▸ INSTRUCTIONS FOR THE TASK: Begin at the line that has "Adidas Tiro 23", stop after the line that has "1908 PATI Cours", and print exactly those lines from the records below, without any pictures.

▸ MATERIAL FOR THIS TASK:
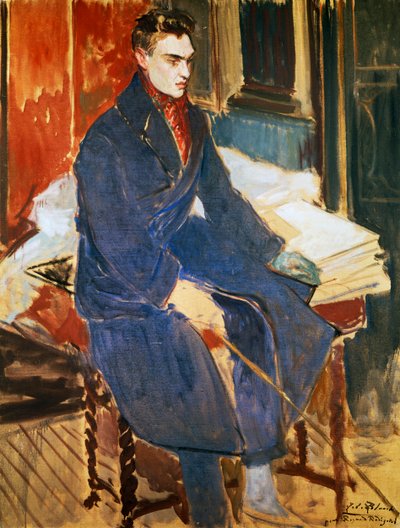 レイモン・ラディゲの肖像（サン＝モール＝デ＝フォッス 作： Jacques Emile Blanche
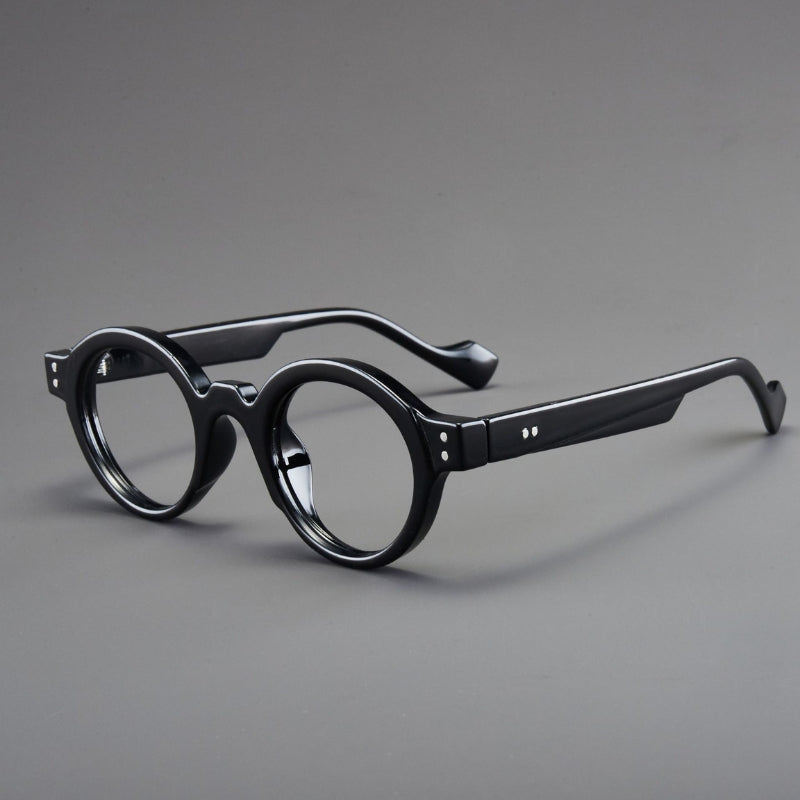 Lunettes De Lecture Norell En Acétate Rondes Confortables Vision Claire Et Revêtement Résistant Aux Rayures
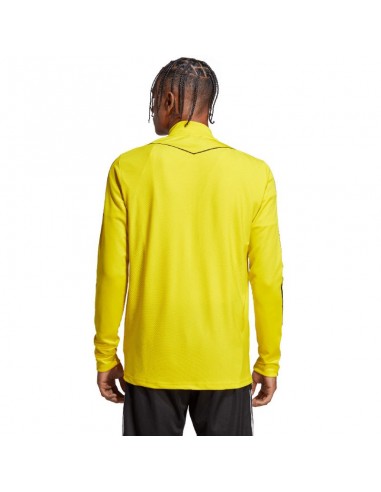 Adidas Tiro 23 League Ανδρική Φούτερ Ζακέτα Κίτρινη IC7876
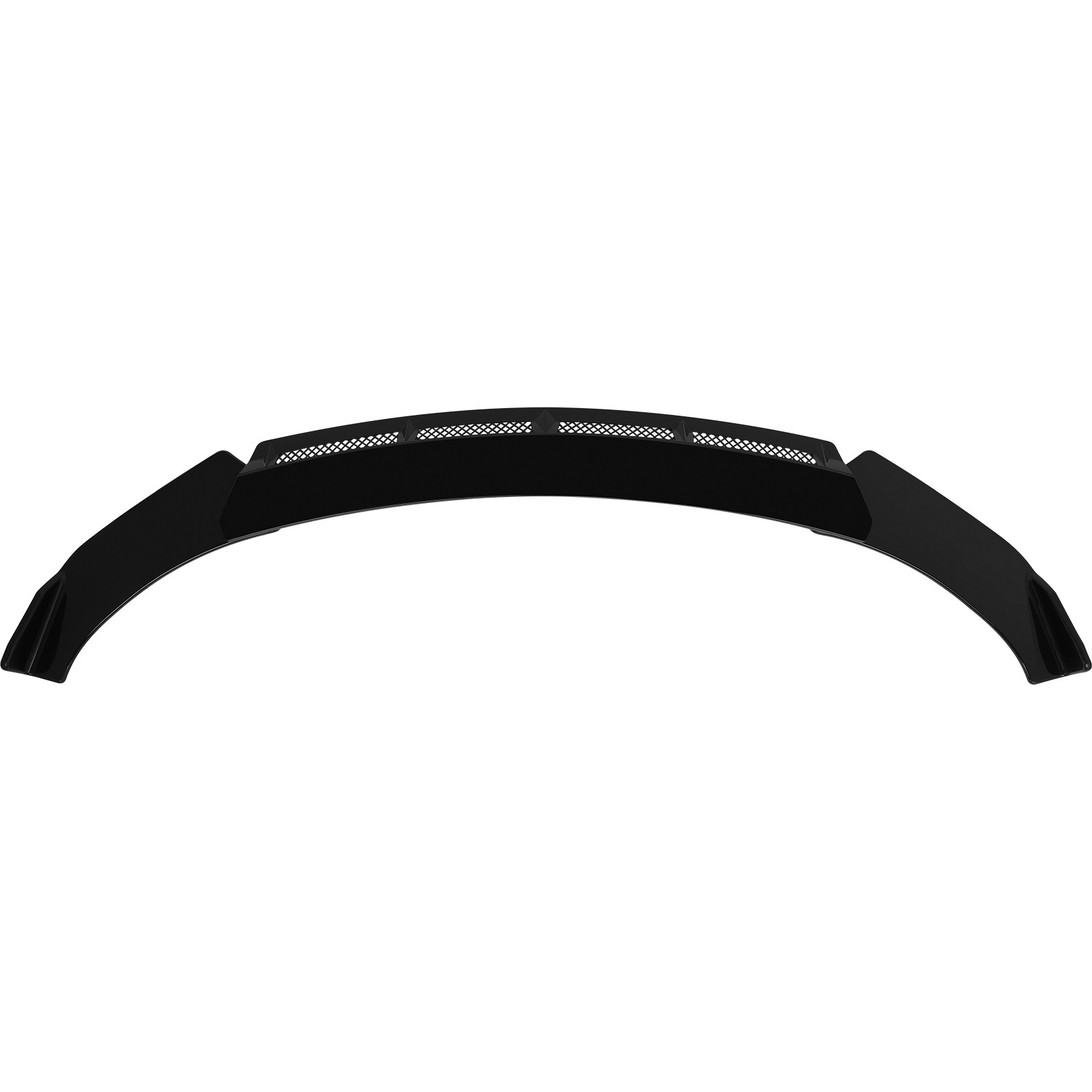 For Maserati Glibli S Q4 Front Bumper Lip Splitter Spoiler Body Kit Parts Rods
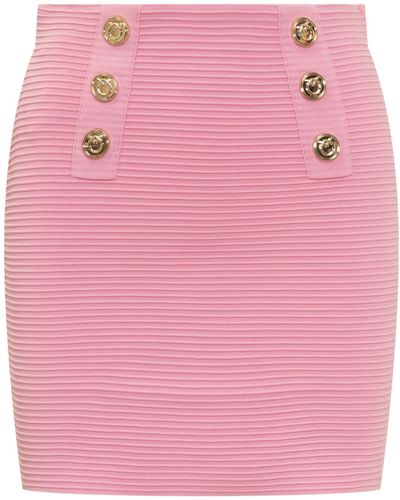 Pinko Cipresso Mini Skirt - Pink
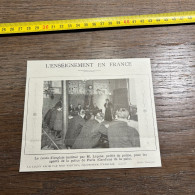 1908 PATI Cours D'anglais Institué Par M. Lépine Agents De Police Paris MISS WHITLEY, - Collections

---

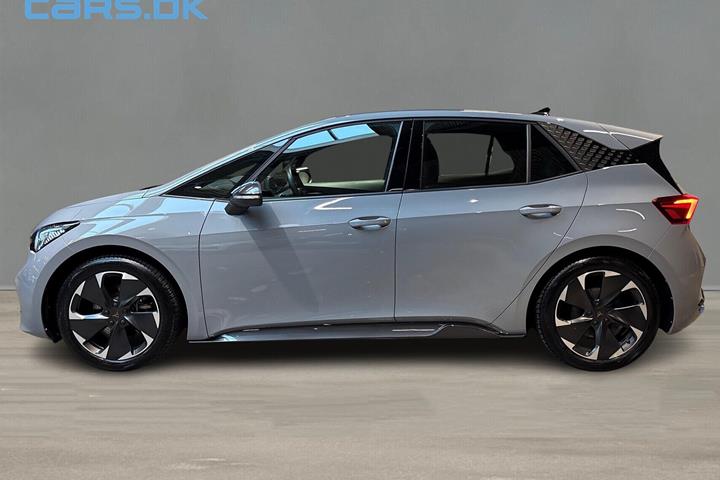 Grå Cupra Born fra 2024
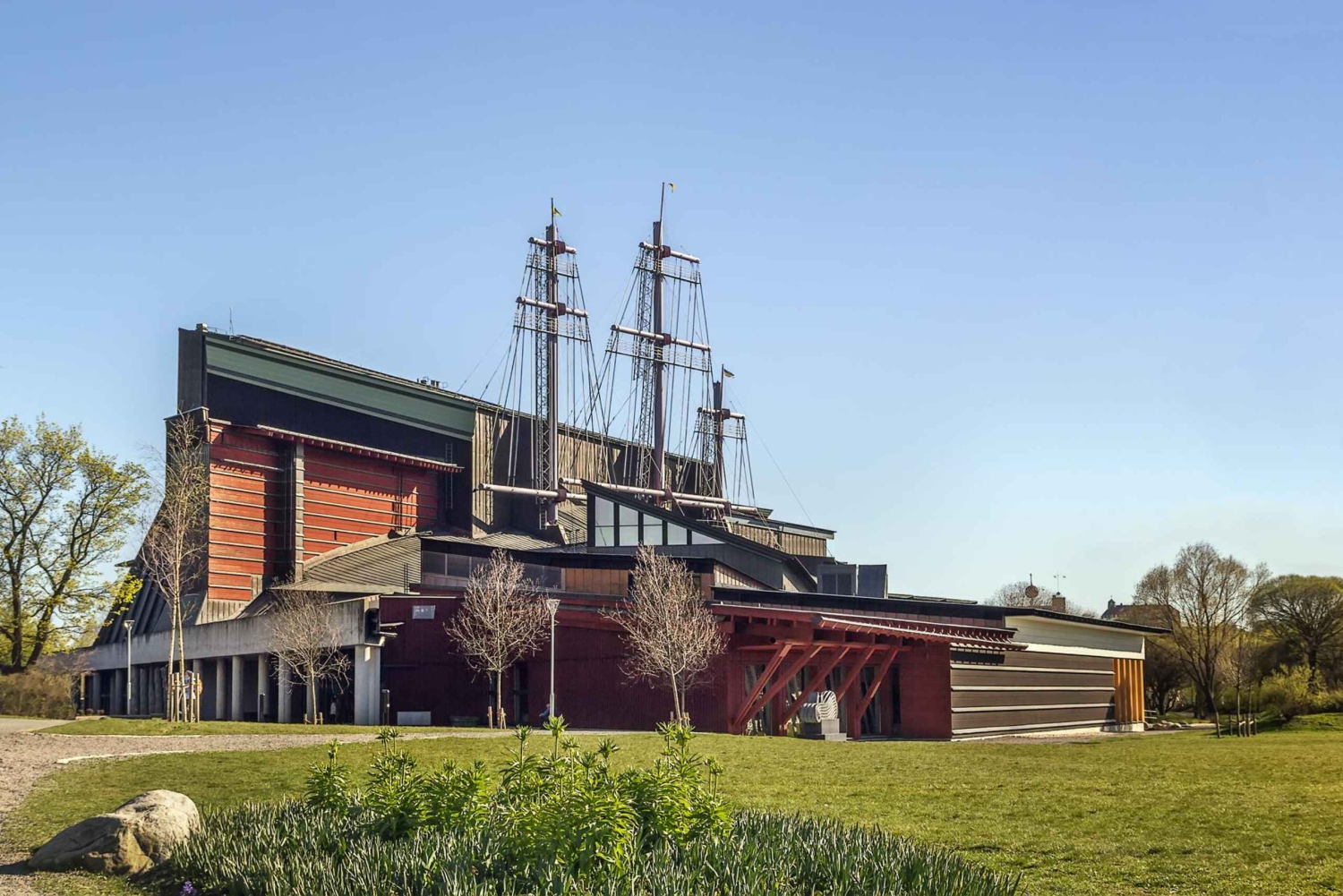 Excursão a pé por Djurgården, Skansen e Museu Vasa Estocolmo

==

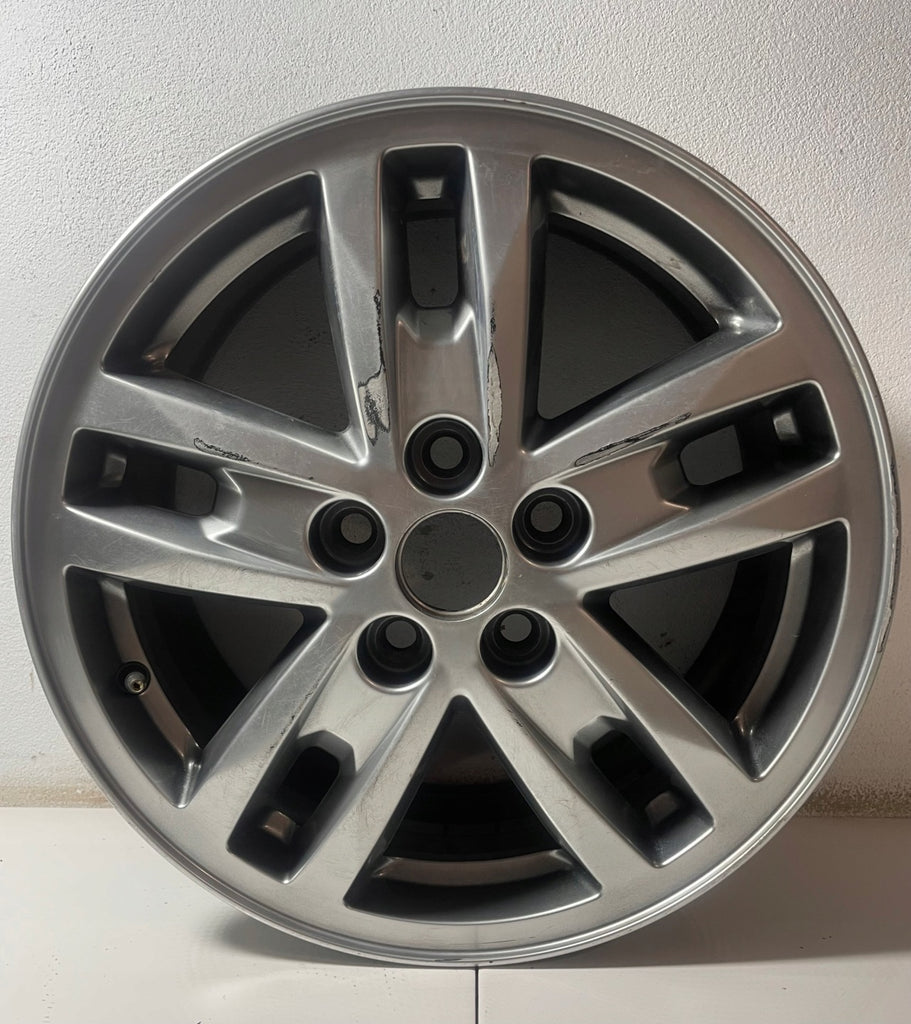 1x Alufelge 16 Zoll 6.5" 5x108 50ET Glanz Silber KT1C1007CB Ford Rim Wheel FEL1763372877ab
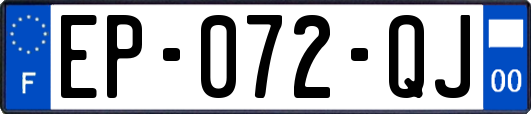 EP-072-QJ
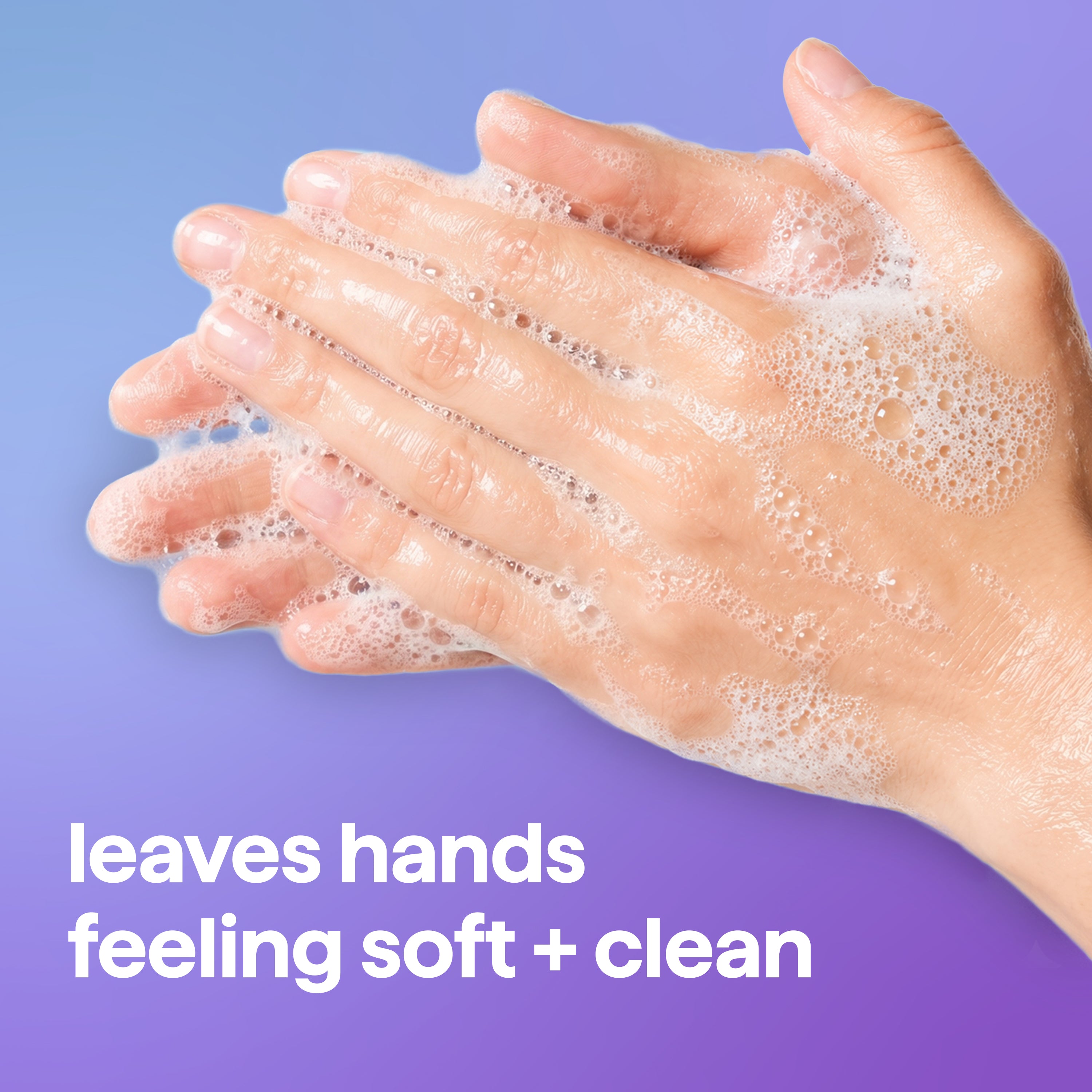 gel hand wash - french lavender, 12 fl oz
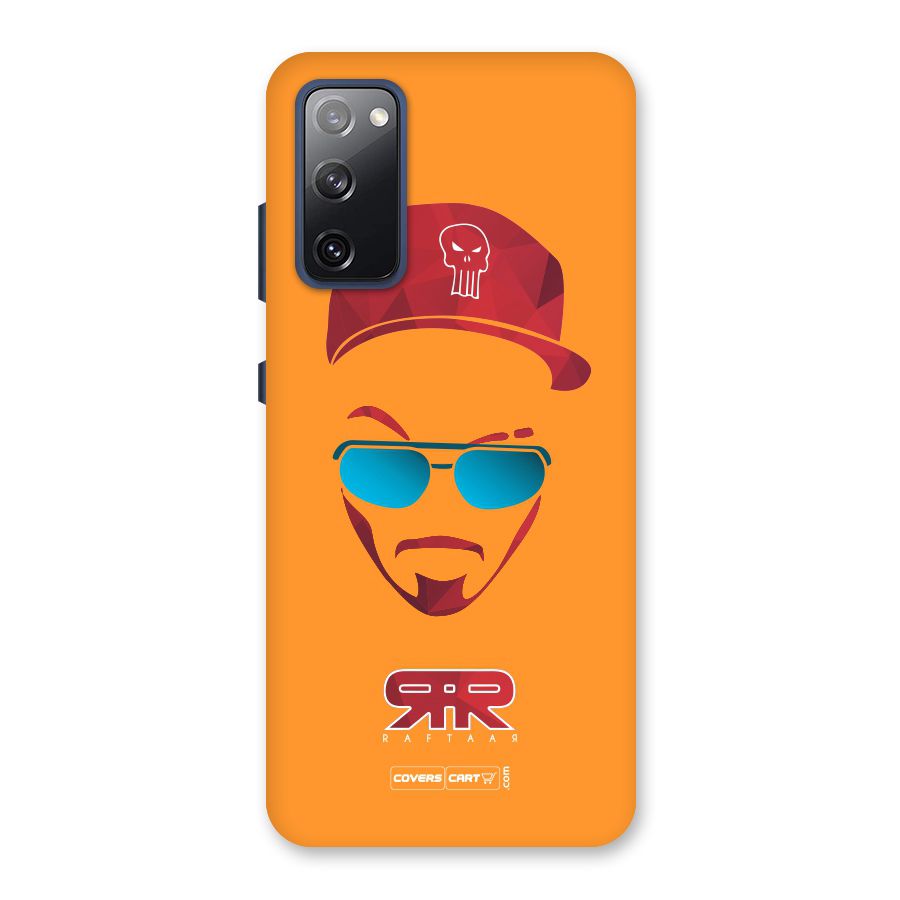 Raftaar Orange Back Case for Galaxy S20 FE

▸ ANSWER TO THE EXERCISE:
 Adidas Tiro 23 League Ανδρική Φούτερ Ζακέτα Κίτρινη IC7876
 For Maserati Glibli S Q4 Front Bumper Lip Splitter Spoiler Body Kit Parts Rods
 Pinko Cipresso Mini Skirt - Pink
 1908 PATI Cours D'anglais Institué Par M. Lépine Agents De Police Paris MISS WHITLEY, - Collections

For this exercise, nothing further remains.